Dive Brief:

  • Editas Medicine has regained full rights to a group of experimental CRISPR-based gene editing treatments for eye diseases, after partner AbbVie agreed to rework the terms of a research collaboration.
  • AbbVie inherited the deal through its acquisition last year of Allergan, which in 2017 paid Editas $90 million to gain access to some of the biotech's CRISPR research. The agreement included an option to Editas' lead therapy for a rare form of inherited blindness, which is one of just two experimental CRISPR therapies in company-led clinical trials.
  • Editas is one of the leaders in the high-profile race to use the gene editing technology to develop medicines. Its study is the first to use a CRISPR medicine in an attempt to alter genes inside the body, rather than in cells manipulated in a laboratory. Enrollment was temporarily paused due to the coronavirus pandemic, but should soon restart, the company said Thursday.

Dive Insight:

When Editas launched in 2013, it became the first startup formed to use CRISPR gene editing, which had electrified the world of biological research, to develop human medicines.

Editas was quickly followed by others, among them CRISPR Therapeutics and Intellia Therapeutics, as venture investors, and later on, large pharmaceutical companies were drawn to the technology's potential to fix genetic errors.

One of those drugmakers was Allergan, which took a bet on the first treatment to emerge from Editas' initial research. The treatment targets an ophthalmic disease called Leber congenital amaurosis 10, which is similar to the condition treated by Luxturna, the first gene replacement therapy approved in the U.S.

The deal gave Allergan an option to license that treatment and up to four others, each for different eye diseases. A regulatory filing shows that Editas has since received another $40 million tied to the therapy

While the study of that first drug, called EDIT-101, was opened last summer, the first patient wasn't treated until March of this year. In the intervening months, Allergan agreed to be acquired by AbbVie, leaving the company's existing partnerships subject to the preferences of a new management team.

The Allergan-AbbVie deal closed in May and, three months later, AbbVie returned to Editas rights to EDIT-101 as well as other therapies for other forms of Usher syndrome and retinitis pigmentosa.

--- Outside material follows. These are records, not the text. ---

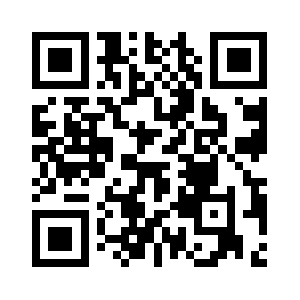 Withoutahitchllc.com QR code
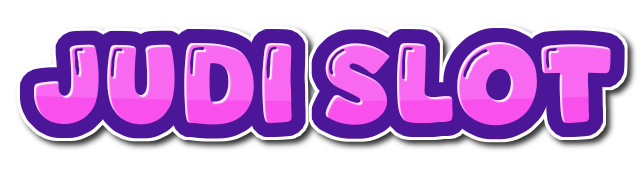 JUDI SLOT LOGO
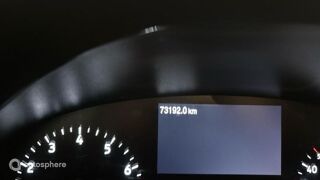 Focus 1.0 Flexifuel 125ch mHEV ST-Line 2021 occasion 59600 Maubeuge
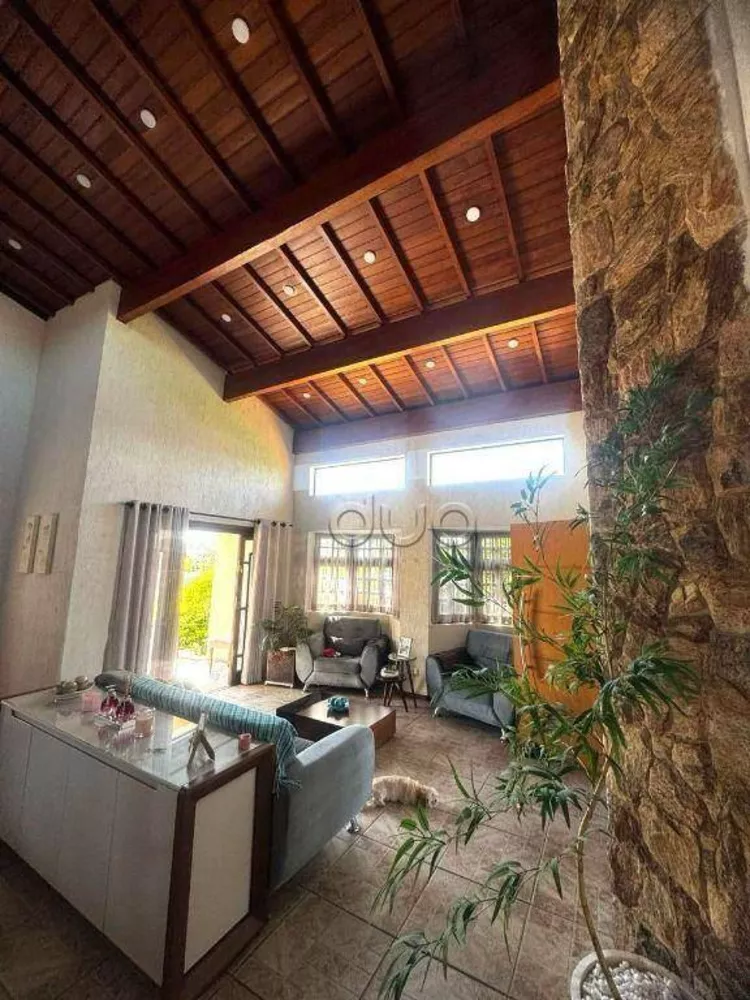 Casa, 3 quartos, 178 m² - Foto 10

Editas CEO Cynthia Collins, on a conference call, wouldn't specify what led to the decision, but implied it was AbbVie's call. "I certainly don’t want to speak on behalf of AbbVie or speculate what the rationale was," she said, "but we were certainly thrilled that they identified and believed that we were the best home for these assets and for this portfolio, given that the technology had originated within Editas."

The two have started a new deal, and while terms won't be disclosed this quarter, it appears to involve a royalty payment Editas will have to pay AbbVie on the returned programs, should any ever get approved. One payment due this quarter "is not material to our cash," said chief financial officer Michelle Robertson.

Soon after Editas and Allergan dosed the first patient in its study, enrollment was paused due to the coronavirus pandemic.

Results are not yet available for that patient, but Editas chief scientific officer Charles Albright said Thursday the patient "remains stable" after three months.

EDIT-101 is designed to work by deleting a genetic mutation that prevents the eye from producing a critical protein. The therapy is injected, working inside the body, unlike another pioneering treatment from CRISPR Therapeutics, which genetically alters stem cells harvested from patients.

Collins said trial sites have been cleared to dose new patients, and Editas hopes to report data on the first patients treated later this year.

By then, Editas also plans to ask the Food and Drug Administration to start a trial for a sickle cell disease therapy that would rival the CRISPR Therapeutics program CTX001, which has shown encouraging results thus far in early testing.